How to transpose JSON structs and arrays in PySpark-CodePudding

I have the following Json file that I'm reading into a dataframe.

{
  "details": {
    "box": [
      {
        "Touchdowns": "123",
        "field": "Texans"
      },
      {
        "Touchdowns": "456",
        "field": "Ravens"
      }
    ]
  },
  "name": "Team"
}

How could I manipulate this to get the following output?

Team	Touchdowns
Texans	123
Ravens	456

I'm struggling a bit with whether I need to pivot/transpose the data or if there is a more elegant approach.

CodePudding user response：

Read the multiline json into spark

df = spark.read.json('/path/to/scores.json',multiLine=True)

Schema

df:pyspark.sql.dataframe.DataFrame
    details:struct
        box:array
           element:struct
               Touchdowns:string
               field:string
     name:string

All of the info you want is in the first row, so get that and drill down to details and box and make that your new dataframe.

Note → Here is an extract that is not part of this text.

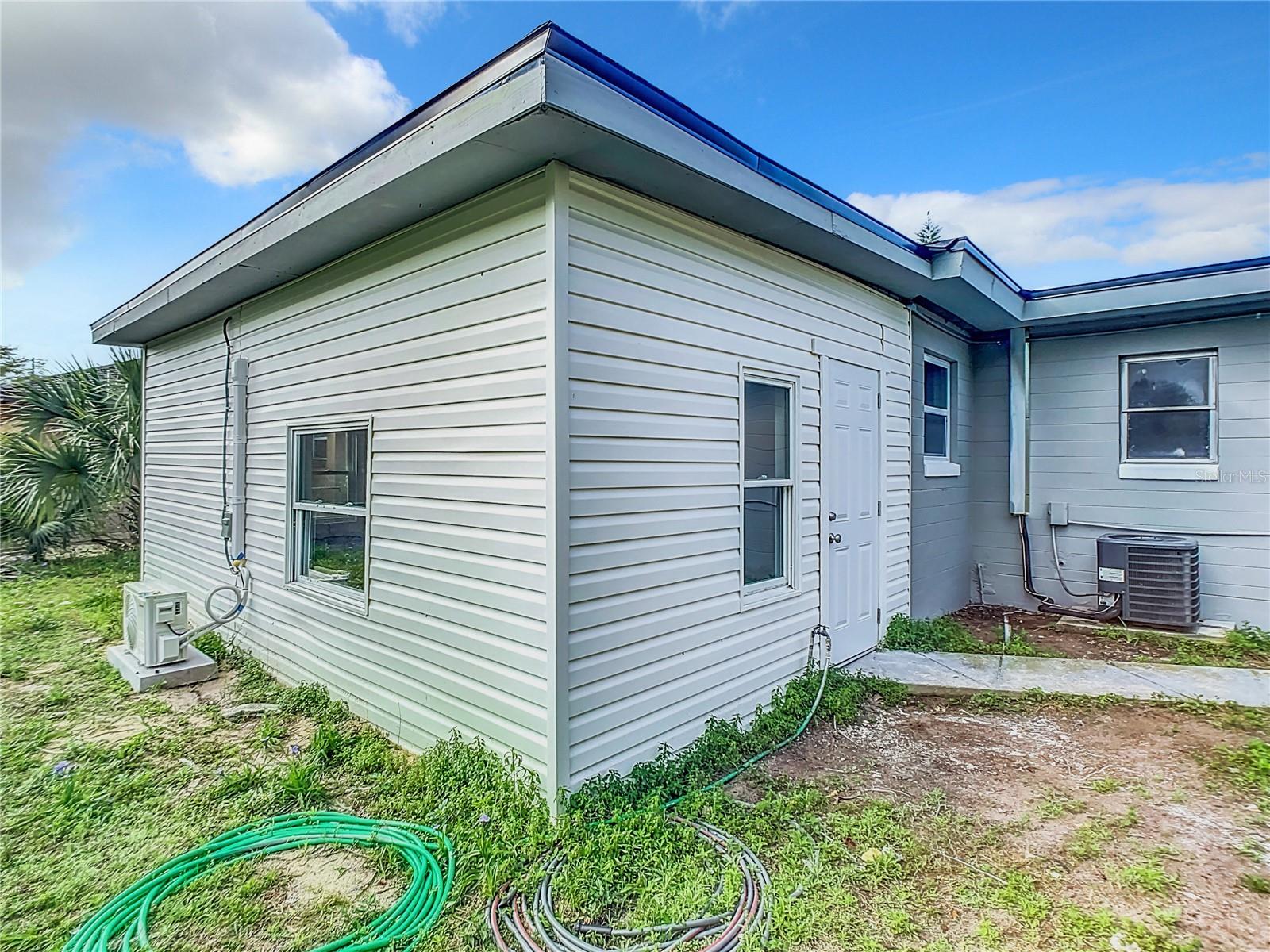 933 MARION ST, DAYTONA BEACH, FL, 32114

spark.createDataFrame(df.first()['details']['box']).withColumnRenamed('field','Team').show()

Output

 ---------- ------ 
|Touchdowns|  Team|
 ---------- ------ 
|       123|Texans|
|       456|Ravens|
 ---------- ------

CodePudding user response：

You can use the inline function.

df = spark.read.load(json_file_path, format='json', multiLine=True)
df = df.selectExpr('inline(details.box)').withColumnRenamed('field', 'Team')
df.show(truncate=False)

CodePudding user response：

You can try using a rdd to get the values of box list.

Input JSON

jsonstr="""{
  "details": {
    "box": [
      {
        "Touchdowns": "123",
        "field": "Texans"
      },
      {
        "Touchdowns": "456",
        "field": "Ravens"
      }
    ]
  },
  "name": "Team"
}"""

Now convert it to an rdd using the keys of dictionary as below -

import json
box_rdd = sc.parallelize(json.loads(jsonstr)['details']['box'])
box_rdd.collect()

Output - [{'Touchdowns': '123', 'field': 'Texans'},
 {'Touchdowns': '456', 'field': 'Ravens'}]

Finally create the dataframe with this box_rdd as below -

from pyspark.sql.types import *
schema = StructType([StructField('Touchdowns', StringType(), True), StructField('field', StringType(), True)])

df = spark.createDataFrame(data=box_rdd,schema=schema)
df.show()

 ---------- ------ 
|Touchdowns| field|
 ---------- ------ 
|       123|Texans|
|       456|Ravens|
 ---------- ------